As you approach the event horizon, from the point of view of an external observer your head approach your feet. You become shorter and shorter. But, this process takes an infinite amount of time. You just get shorter and shorter tending to zero height in the infinite limit, but never being of zero height at any finite time.

In a sense you head and feet both reach the event horizon at time infinity. But, that is only in terms of a limit, and not a value of time for the external observer.

To you this takes only a finite time.

Also, the speed of light - from the point of view of said external observer - drops to zero as one gets near to the event horizon. So, if you measure your height in terms of how long it take light to get from your head to your feet, this is a different issue. From your local point of free falling view - your height does not change. And neither does the speed of light.

From your point of view, there is no horizon. You do not see any surface in space sweeping past you at all. What you see is everything outside getting further and further away and faster and faster. At the point that corresponds to you getting to infinite time for the external observer, you would see everything in the external universe vanish off to infinity.

In that sense, to you, the event horizon is a point in time, not a surface in space. So, in a sense, you cross it all at once. But, not as space, just as time.

• I don't think I understand your last two paragraphs. From an outside observer the event horizon is a well defined surface at $r=r_S$ at all points in time. Are you saying that if you transform this surface to the frame of an infalling observer the observer will cross the event horizon all at once instead of it sweeping through the observer? Jan 17 at 11:15
• Sure, the Schwarzschild time coordinate goes to infinity at the EH, so it's not very useful. There's some good info in the answers to Does someone falling into a black hole see the end of the universe? Jan 17 at 12:49
• Why should a distant external observer choose to use Schwarzschild coordinates? I see no reason why an external observer is obligated to choose those coordinates as opposed to any other coordinates that don't have an event horizon singularity in them. I appreciate your explanation and I apologize if I might come off as aggressive, but I'm not convinced your post makes any sense. At the very least, can you answer the three questions I posted? I don't see how your post has enough info to resolve them. I would be very happy to be proven wrong in my skepticism of your post. Jan 17 at 18:36
• @MaximalIdeal I can (will when I get a moment) expand on some of the details to clarify. But, I have a question for you - do I need to justify or explain safesphere to answer your question? Or is deconstruction also an acceptable answer? My position is that safesphere is not following the logic of general relativity. In particular - the external and inward observers have a rather different view of what the event horizon is. One says it a spatial surface and the other says it is a temporal surface - more or less. Jan 18 at 4:36
• My position is that safesphere is not following the logic of general relativity. In particular - the external and inward observers have a rather different view of what the event horizon is. One says it a spatial surface and the other says it is a temporal surface - more or less.” - Please don’t judge if my logic follows GR based on a brief comment. I don’t disagree with your quoted statement. In fact, your answer is the only correct answer here so far, so +1. Jan 18 at 7:56

There is a very nice tool that might help you better understand such questions:

https://www.mathworks.com/matlabcentral/fileexchange/72254-schwarzschild-black-hole-simulation

you can simulate two observers free falling into a black hole starting from slightly different locations (one being the "head" and the other the "feet"), and you can see how light propagates between them so it tells you what each one can see at any moment.

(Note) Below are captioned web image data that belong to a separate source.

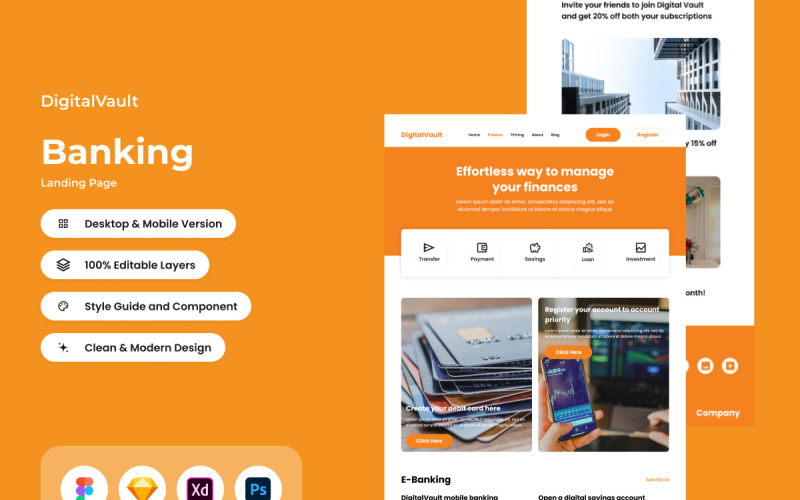 DigitalVault - Page de destination bancaire V2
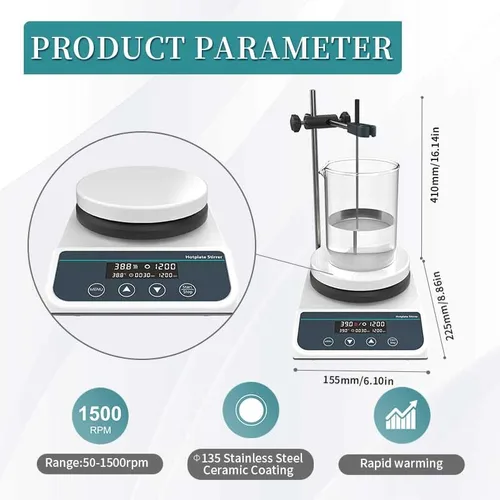 Miniatura 2 de Agitador magnético de placa caliente digital 50-1500rpm, 590.0 °F/590℉, pantalla digital de 5 pulgadas con temporizador, agitador de placa caliente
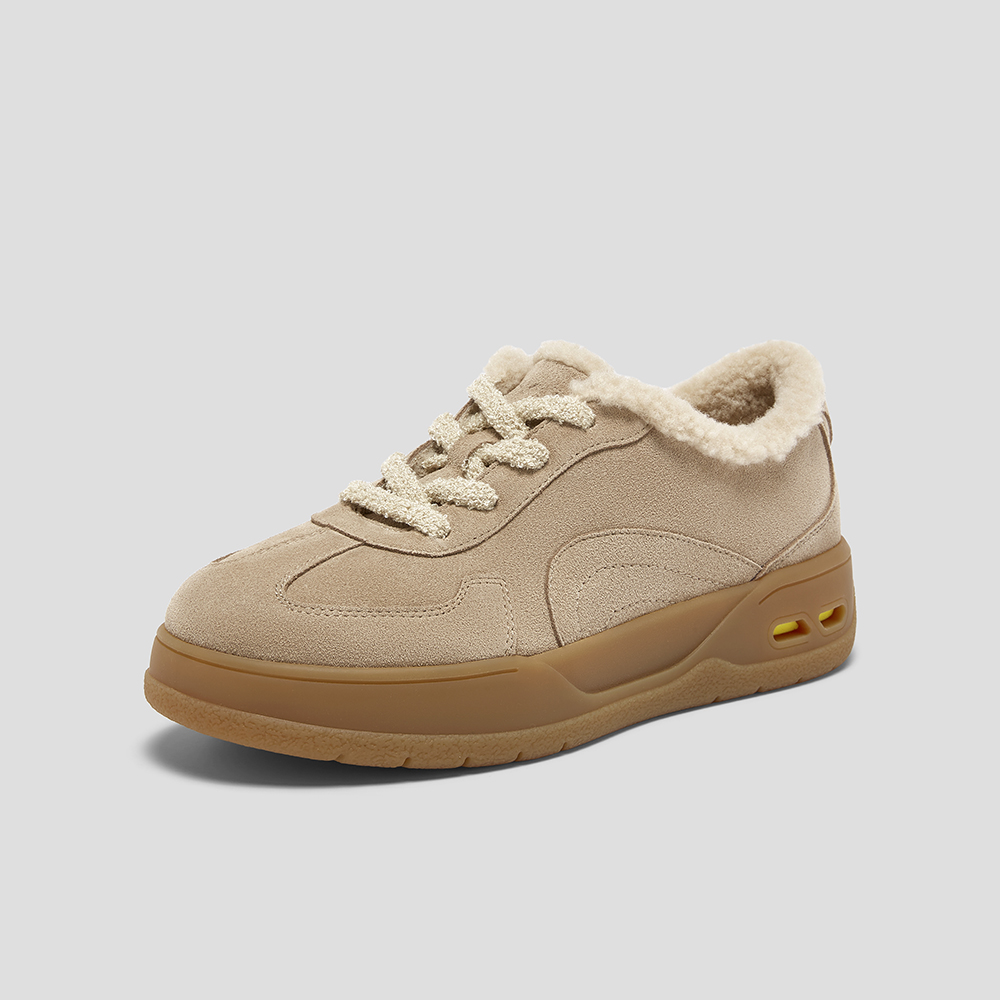 SKAP圣伽步女鞋2025秋季新款德训鞋厚底增高加绒保暖女款毛毛鞋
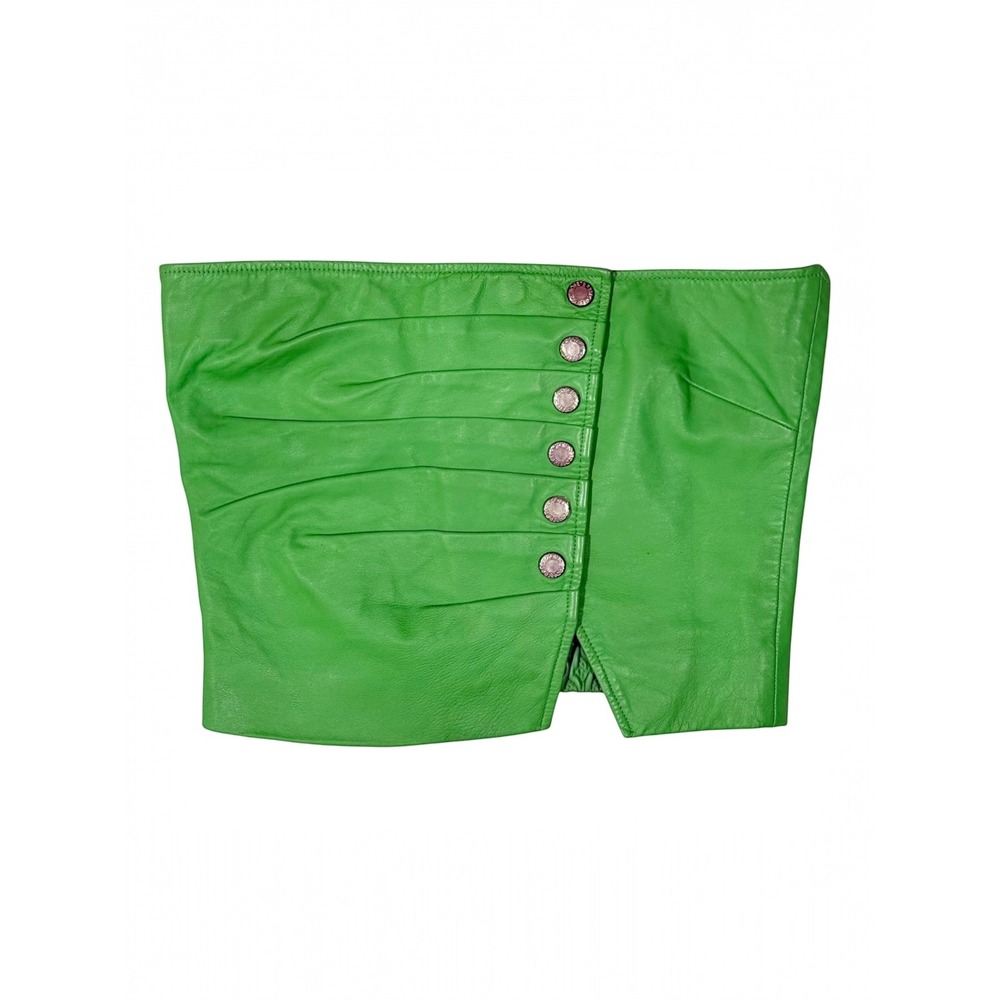 Bright Lime Green Leather Strapless Pleated Tube Top Side Button Detail M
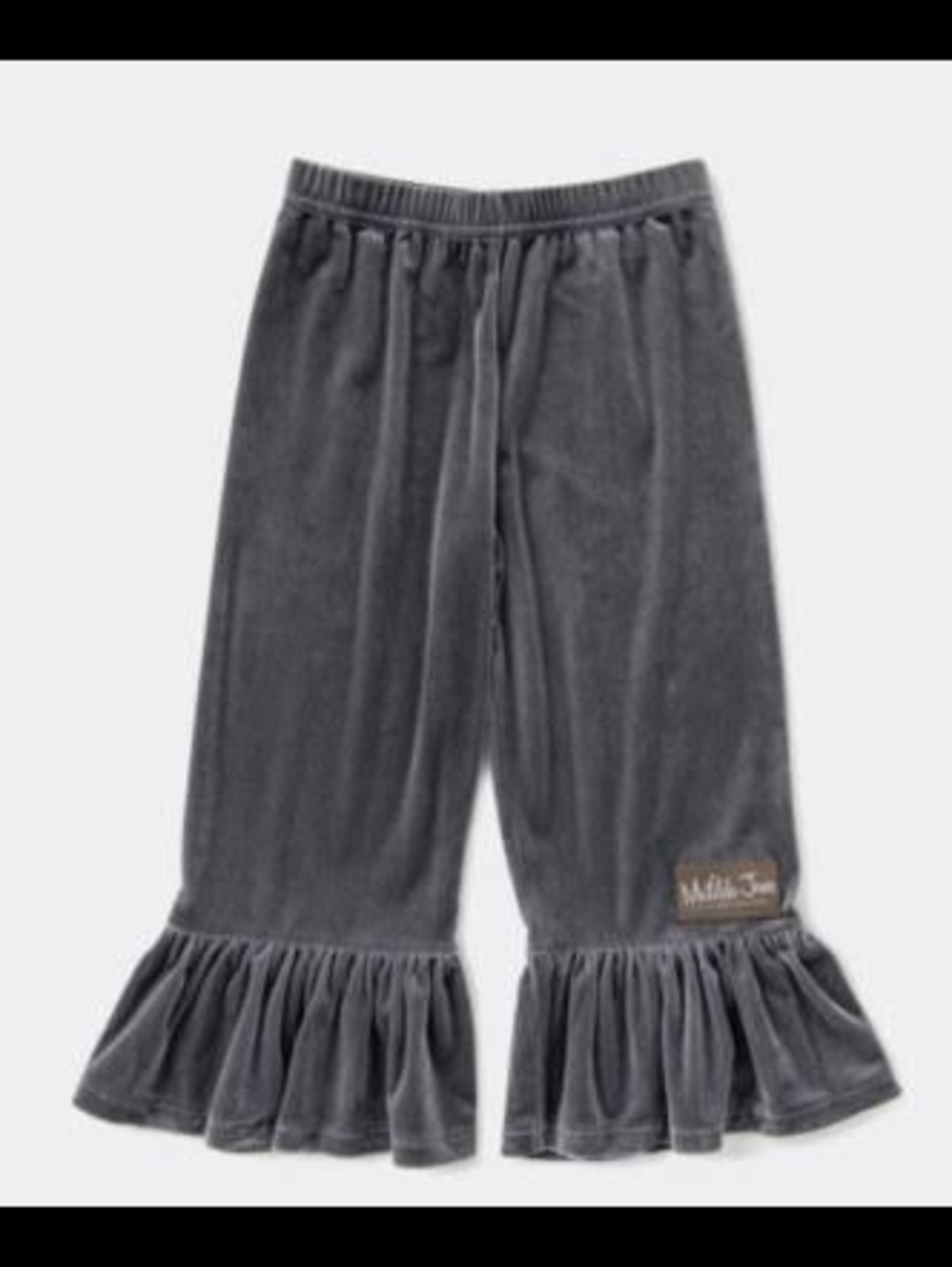 Matilda Jane Charcoal Velvet Ruffle Hem Pants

Note that you would want to run it in the Kruskal coordinates mode, since the Schwarzschild coordinates don't cover the part of spacetime after they enter the event horizon.

(And the short answer to the question is no, the entire object does not enter all at once)

I feel like I need to answer because however strange it may seem, both @dale and @safesphere is right in their own reasoning, and there is a way to ease this seemingly contradictory situation.

As you push the stick towards the black hole, the subjective time of the end of your stick moves more and more slowly relative to your subjective time. The Schwartzschild metric can tell us dτdt, the rate of time passage at a particular radius r compared to the rate of time passage infinitely far from the black hole: Notice, that as Rs approaches rs, that ratio approaches zero! By the time your stick is nearly at the event horizon, the end of your stick is experiencing almost no passage of time compared to you.

the proper time of the back end is not the proper time of the front end. In fact, they will no longer be causally linked when the front end crosses the horizon.

Thought Experiment - Poking a stick across a Black Hole's Event Horizon

Now in this question, basically what we have is a extremely tall human (a extremely long stick), where the front end of the stick (your foot), and the back end of the stick (your head) is so far from each other, that we make a convention.

This convention is what creates this apparent contradiction. We say, for certain (calculational convenience) reasons, that we consider the observer at the back end (that is farther from the black hole) of the stick (the head in your example), a far away observer. Why? Because the observer (head) and the front end of the stick (foor in your example) are so far that they cannot be considered to be in the same local (freely falling) frame. This causes two main effects:

1. (asymptotically) infinite time dilation

2. (asymptotically) infinite redshift

For these reasons, the observer far away (head in your example) will never see the front end of the stick (foot in your example) to reach the horizon in a finite amount of time, it will just seem to the observer that the front end is slowing down (time dilation), fades away (redshift), and disappears from observability.

Now in a normal human scale (the human is relatively small object), we say that (again for calculational convenience), we use a convention. This means, that the human, as a whole object (both foot and head) can be considered to be in the same/single (freely falling) frame of reference. What does this mean? Time dilation between the foot and head? Nope. Redshift? Nope. You (as a normal scale human) will just pass the horizon foot first, and you can easily look at your foot and will not notice anything strange.

As a side note, inside the horizon, spatial and temporal dimensions behave oddly (they do not swap), and as you fall into the black hole foot first, you could say that your foot "happens" first, and your head "happens" later. This part is utterly hard to intuitively understand. Nevertheless, the answer to your question is, if you consider the human to be relatively small enough, and say that the whole human as an object can be considered to be in the same (freely falling) frame of reference, you agree that there will be no time dilation and redshift between the observer (head), and the foot, thus, as Dale says, the horizon will simply just swoosh past you at the speed of light, foot first, and head after. As safesphere says, this becomes problematic when the stick (object) is too long, and the observer at one end is far from the other end. There we have to deal with time dilation and redshift between the observer and the other end of the stick, and you will not see the other end of the stick cross the horizon (fades away from observability).